Image-text web data
———

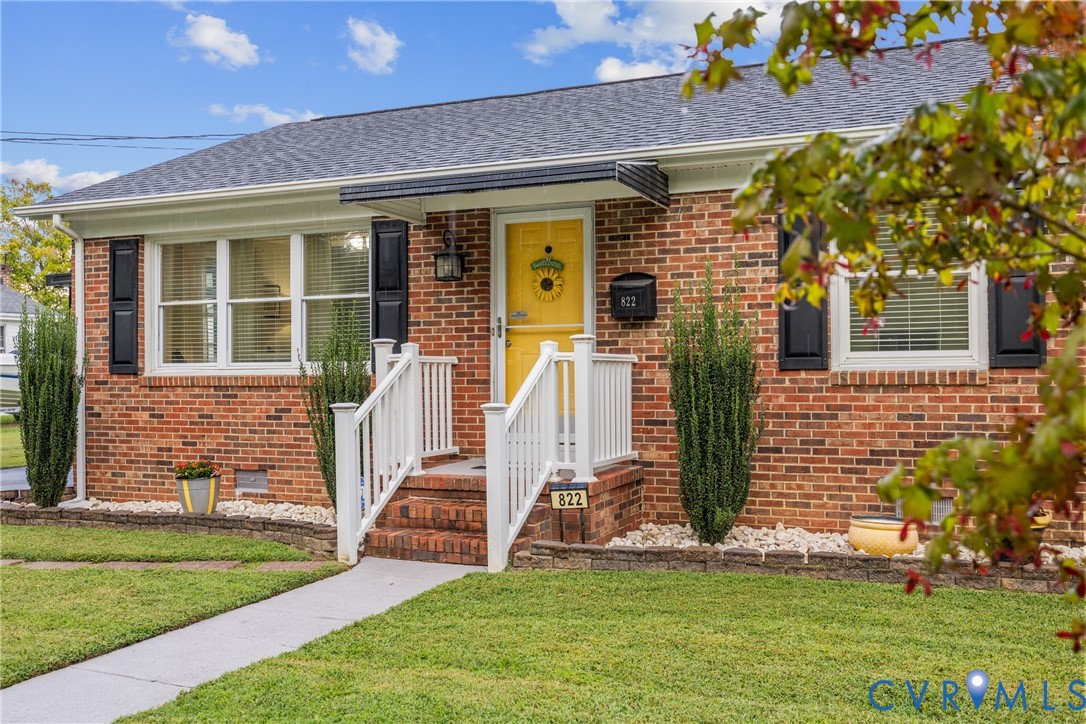 Brick exterior with white trim, dark gray shingles, yellow front door, and white porch railing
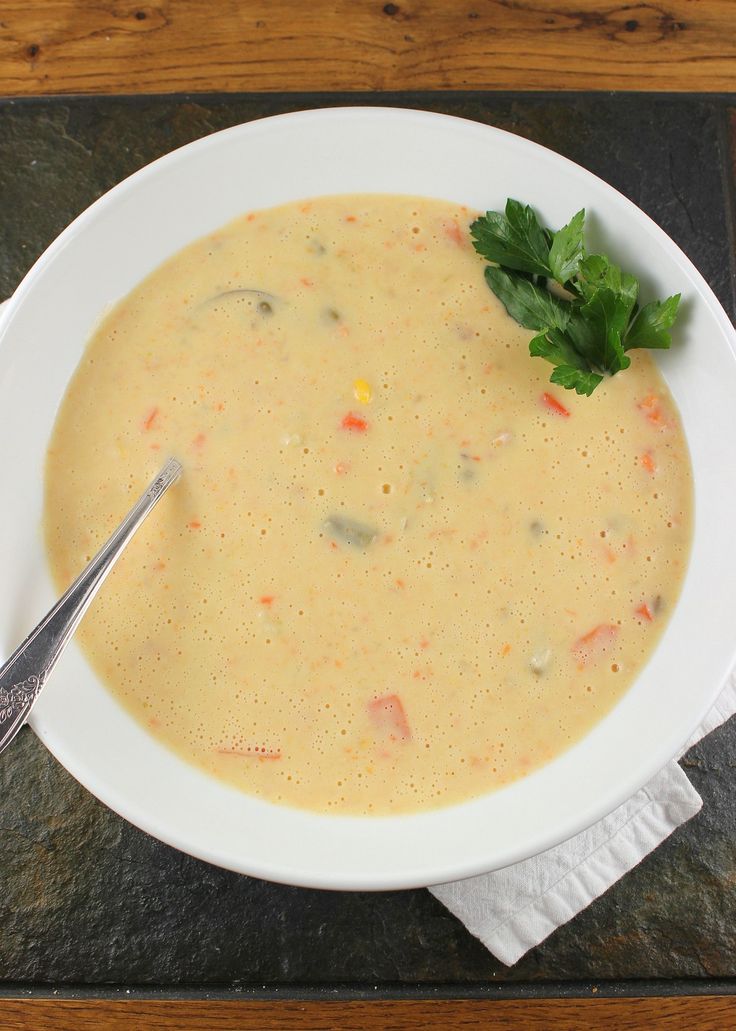 a white bowl filled with soup and garnished with parsley on the side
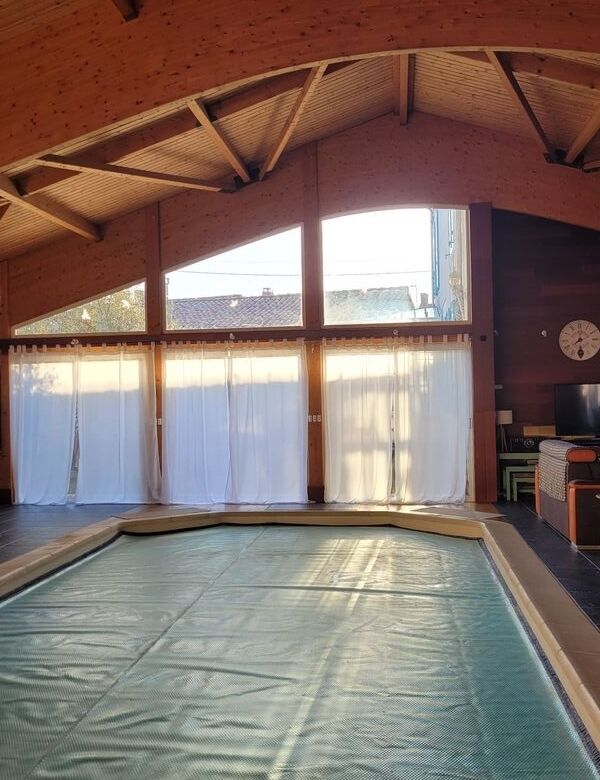 Indoor swimming pool with wooden ceiling and large windows in Aumagne property.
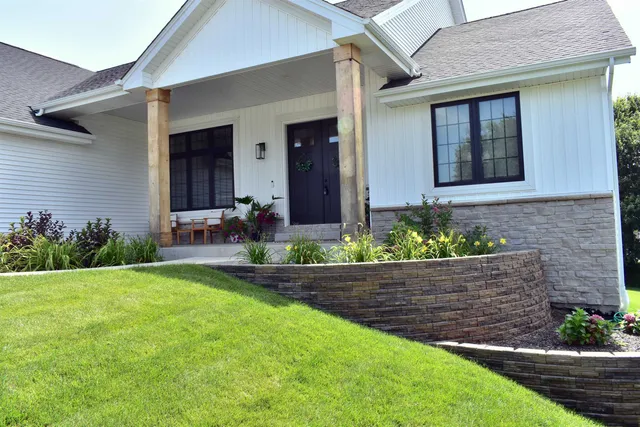 a front view of a house with garden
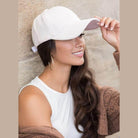 Aili's Corner designer velour caps in soft pink worn by a woman with long hair and hoop earrings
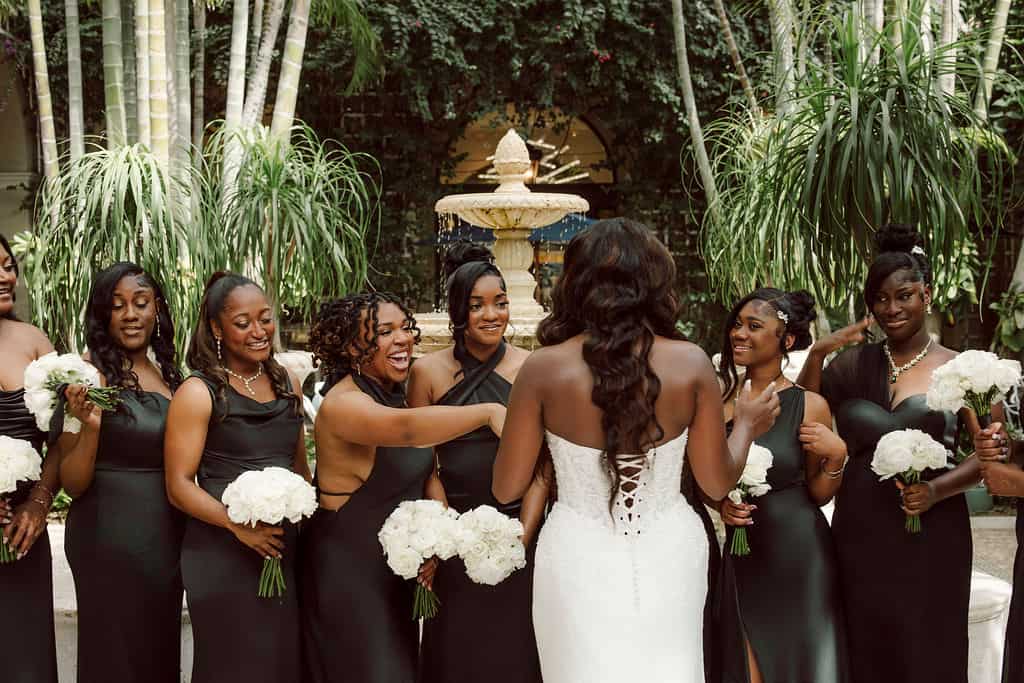 Bride with bridesmaids holding white bouquets in lush garden setting.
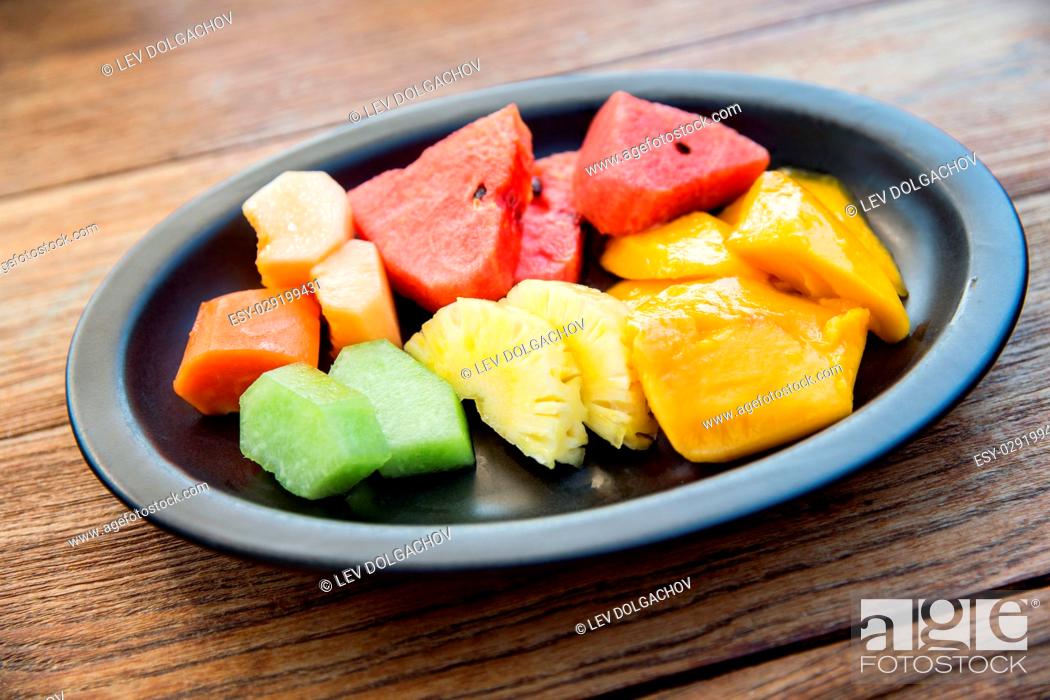 Stock Photo: food, eco, bio and summer holidays concept - still life with exotic tropical fruits in bowl.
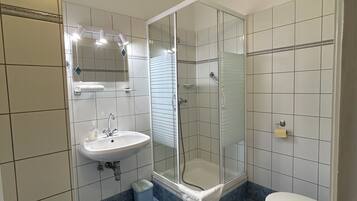 Une salle de bain avec une douche à parois de verre, un lavabo et des toilettes.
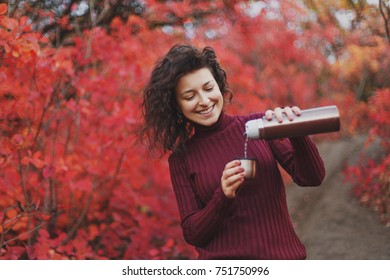 Girl In Red Sweater Pours Tea From Thermos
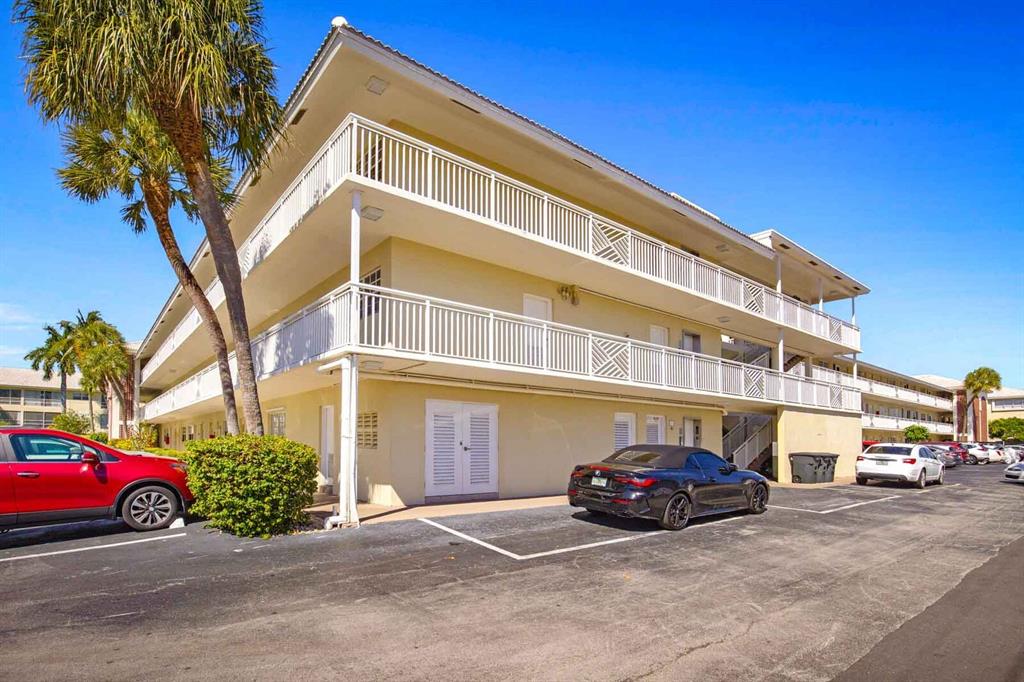 1951 Northeast 39th Street, Unit 343 Lighthouse Point, FL 33064 - Photo 27 of 28 a car parked in front of a building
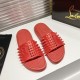 Top angled view of Christian Louboutin Take It Easy red mules on a white surface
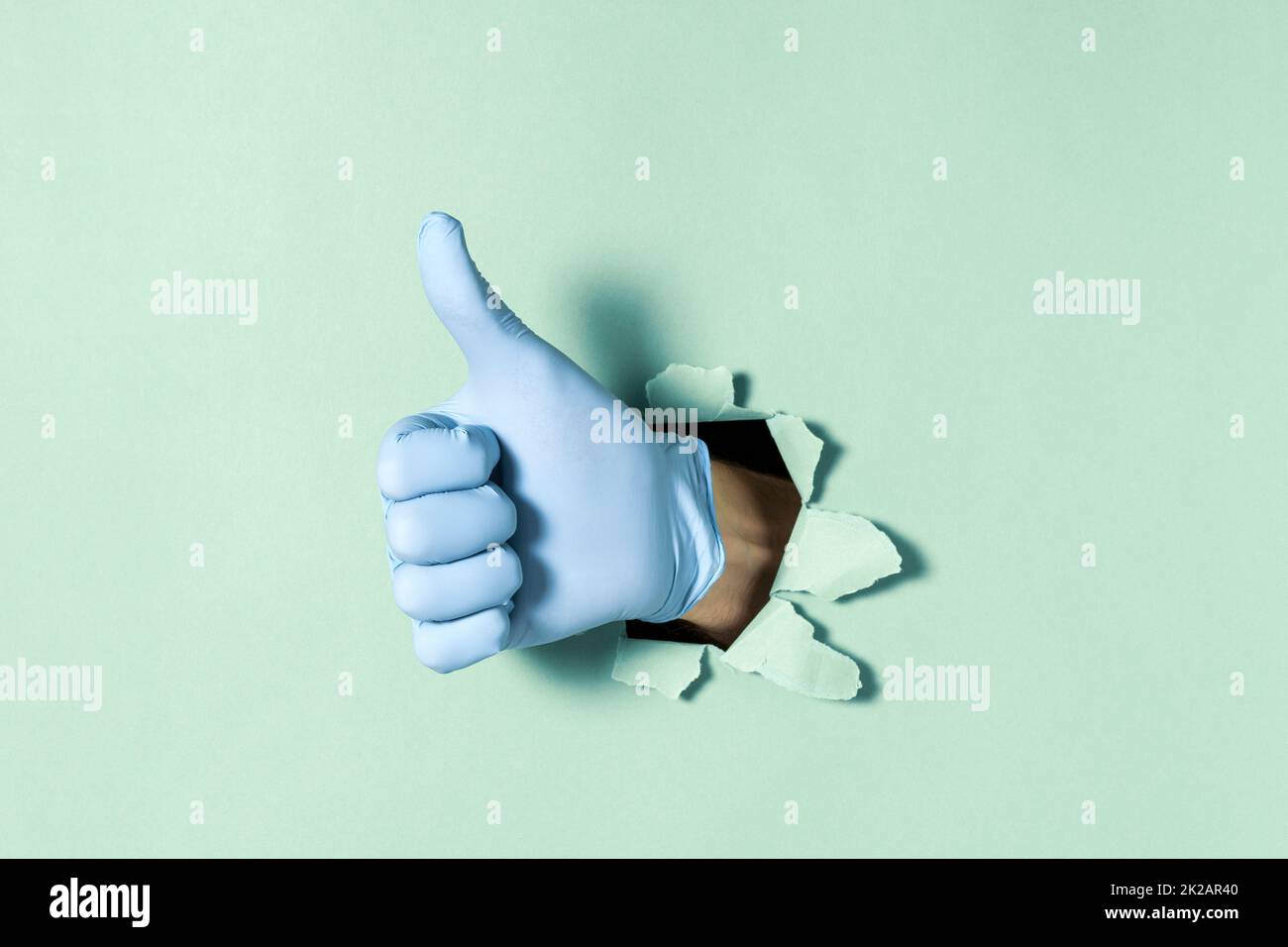 Mano in guanto medico con il pollice verso l'alto gesto attraverso il foro nella parete di carta Foto Stock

———

### YOUR ASSIGNMENT
Give again, word for word, the line that contains "Une salle de" and every line after it through the end of the entries; omit the pictures.

### FINISHED EXERCISE
 Une salle de bain avec une douche à parois de verre, un lavabo et des toilettes.
 Girl In Red Sweater Pours Tea From Thermos
 1951 Northeast 39th Street, Unit 343 Lighthouse Point, FL 33064 - Photo 27 of 28 a car parked in front of a building
 Top angled view of Christian Louboutin Take It Easy red mules on a white surface
 Mano in guanto medico con il pollice verso l'alto gesto attraverso il foro nella parete di carta Foto Stock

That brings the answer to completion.